Task goal.
Say how many lines in the records include the string "image", adding no other words.

Segment Start: Provided data

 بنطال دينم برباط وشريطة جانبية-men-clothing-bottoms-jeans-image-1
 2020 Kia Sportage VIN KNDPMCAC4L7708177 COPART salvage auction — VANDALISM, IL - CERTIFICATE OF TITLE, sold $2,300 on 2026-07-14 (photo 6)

Segment End: Provided data
Segment Start: Provided data

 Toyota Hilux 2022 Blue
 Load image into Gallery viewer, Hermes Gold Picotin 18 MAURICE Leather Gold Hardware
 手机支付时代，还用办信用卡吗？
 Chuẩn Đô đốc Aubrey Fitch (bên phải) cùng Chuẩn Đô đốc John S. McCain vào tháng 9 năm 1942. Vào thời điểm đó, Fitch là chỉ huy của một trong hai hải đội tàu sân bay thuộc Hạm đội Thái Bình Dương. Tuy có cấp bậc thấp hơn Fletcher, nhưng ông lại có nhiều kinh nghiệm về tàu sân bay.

Segment End: Provided data

Answer to this task.
2